Task to complete => Where an entry contains a picture, skip the picture and write out everything else exactly.

Supplied information =>

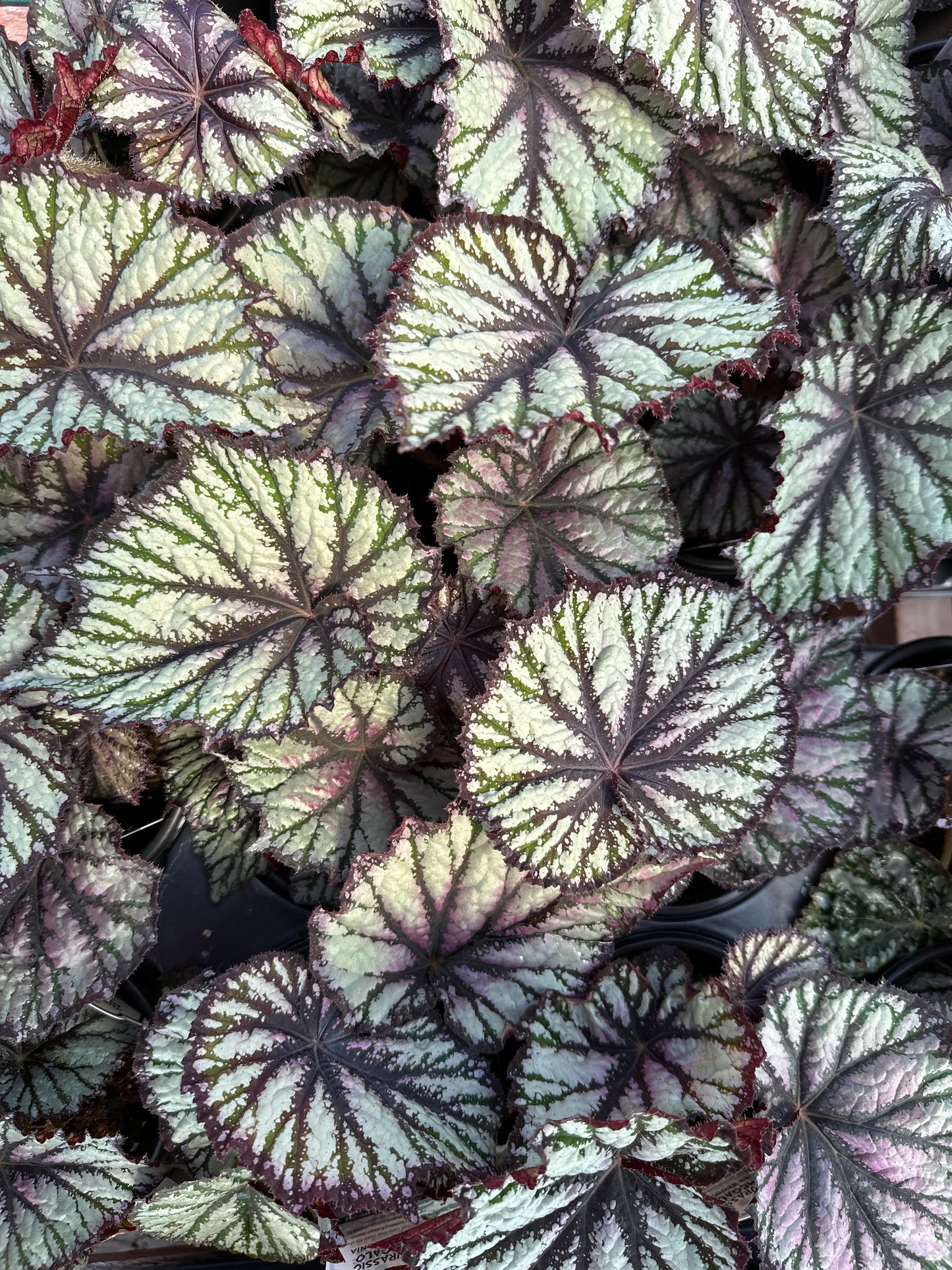 BEGONIA REX JURASSIC REPTILE - QUART POT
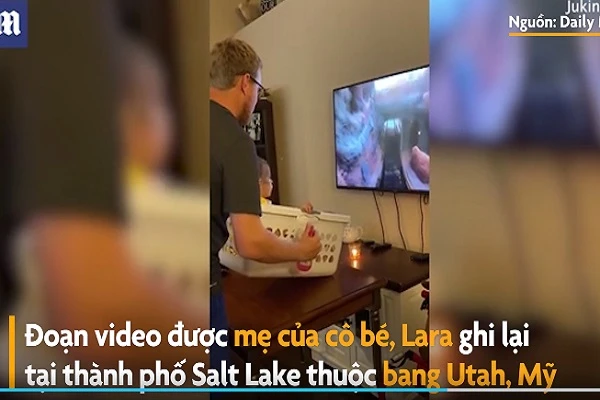 Video: Cha làm tàu lượn siêu tốc cho con chơi trong lúc ở nhà cách ly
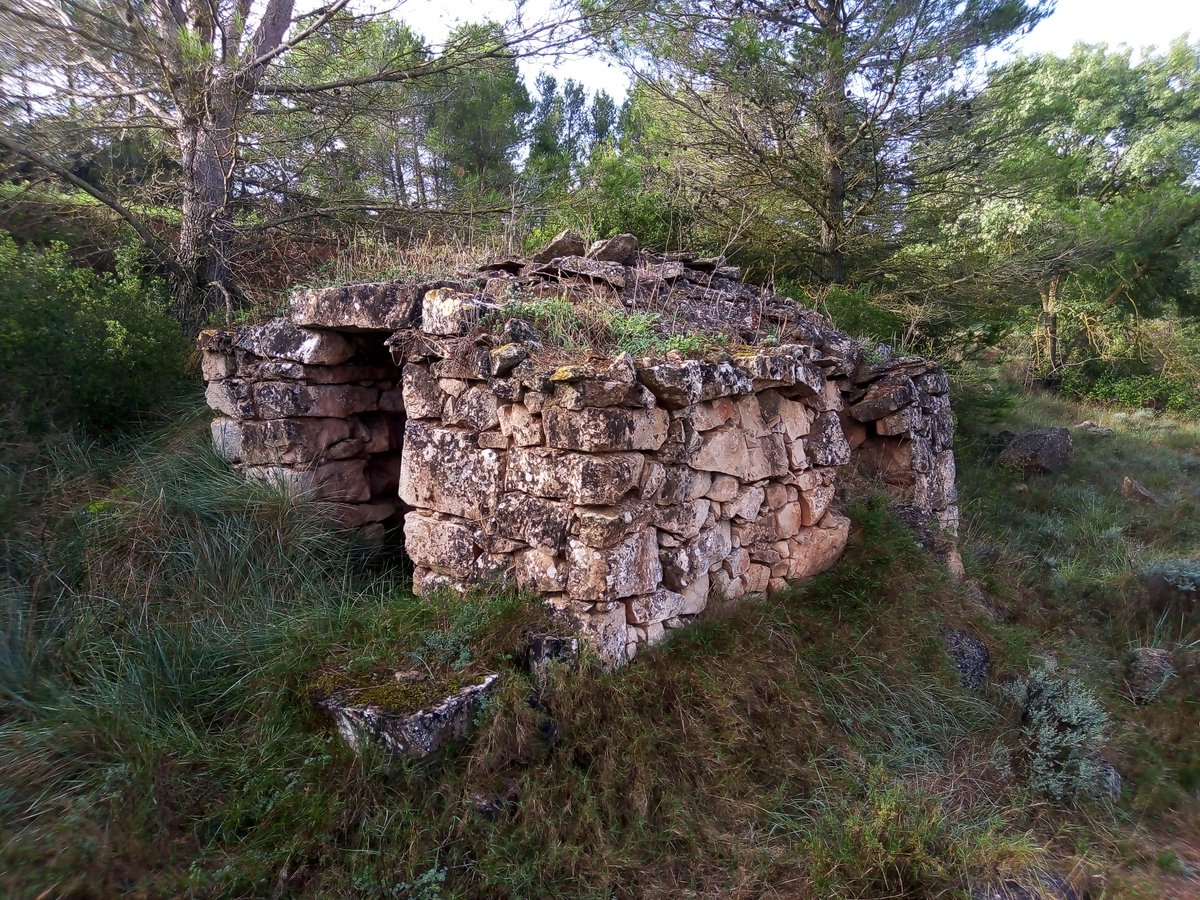 barraquespedra's tweet photo. Quan ja tornàvem, dons premi. Una barraca de #pedraseca sota un pi. Esta inventariada a #WIKIPEDRA però no la teníem nosaltres. Recordeu, que sortim seguint camins i corriols, si en trobem bé, i si no també. @catpaisatge @CIPSTorrebesses @fundacioelsola @anoiapatrimoni https://t.co/DyvHVCYHGD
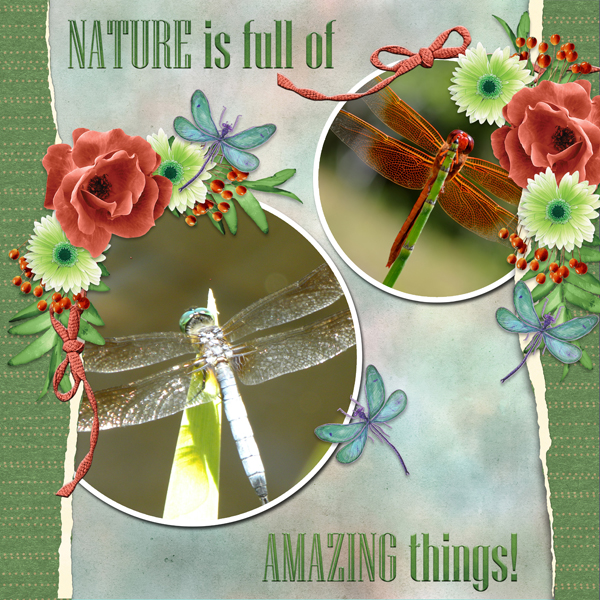 6-scr-earth-day-scr-delightful-dragonfly-04-poki05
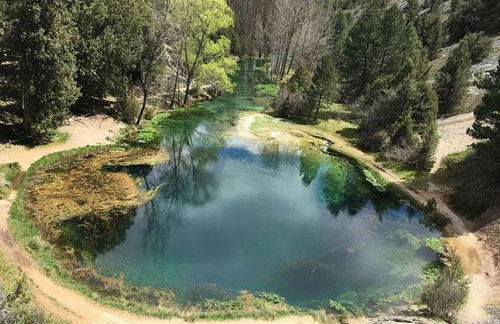 tranquilidad y en contacto con la naturaleza - Foto 26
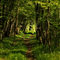 Forêt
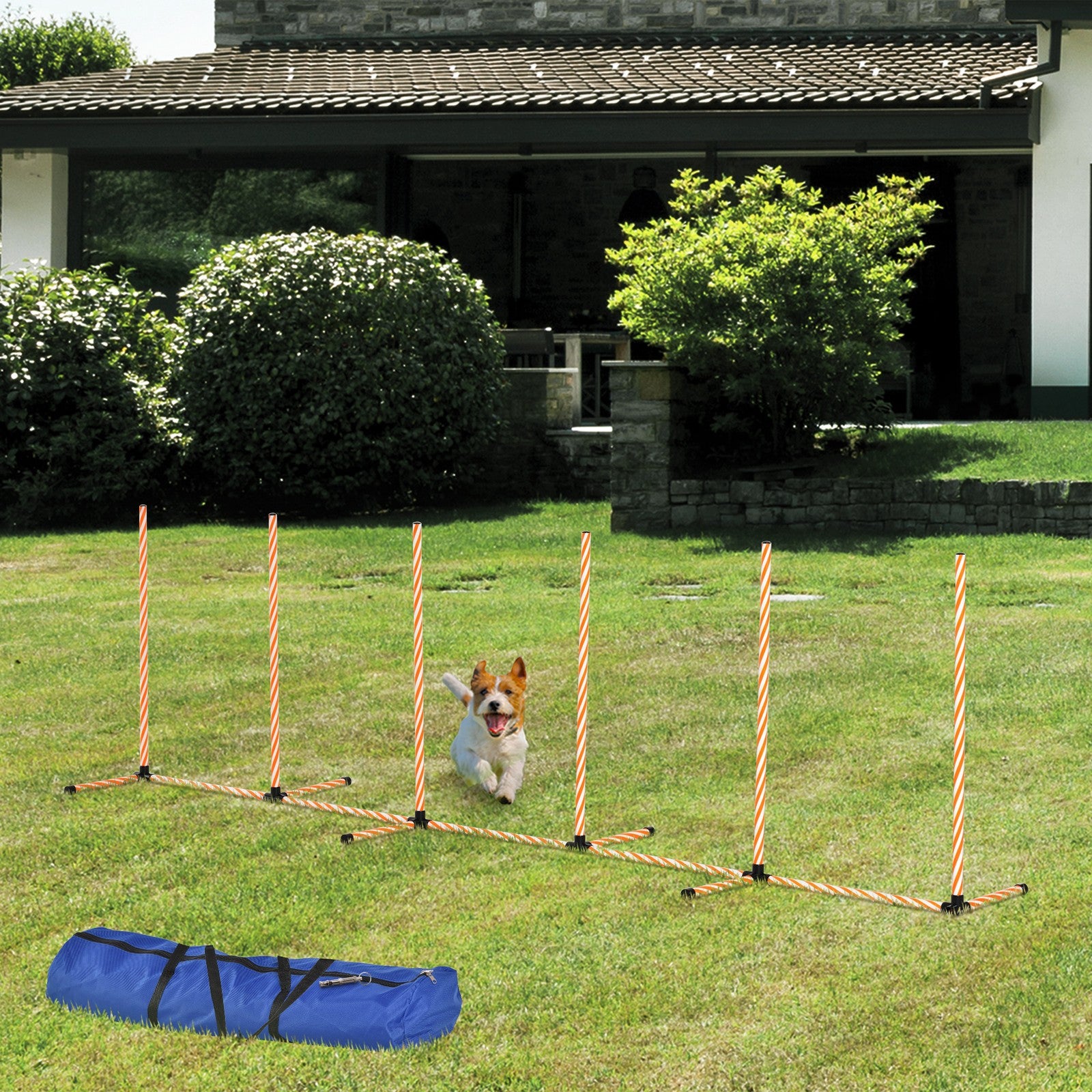 Professional Dog Agility Weave Pole Training Obstacle Course Set with Whistle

Output below =>
 BEGONIA REX JURASSIC REPTILE - QUART POT
 Video: Cha làm tàu lượn siêu tốc cho con chơi trong lúc ở nhà cách ly
 barraquespedra's tweet photo. Quan ja tornàvem, dons premi. Una barraca de #pedraseca sota un pi. Esta inventariada a #WIKIPEDRA però no la teníem nosaltres. Recordeu, que sortim seguint camins i corriols, si en trobem bé, i si no també. @catpaisatge @CIPSTorrebesses @fundacioelsola @anoiapatrimoni https://t.co/DyvHVCYHGD
 6-scr-earth-day-scr-delightful-dragonfly-04-poki05
 tranquilidad y en contacto con la naturaleza - Foto 26
 Forêt
 Professional Dog Agility Weave Pole Training Obstacle Course Set with Whistle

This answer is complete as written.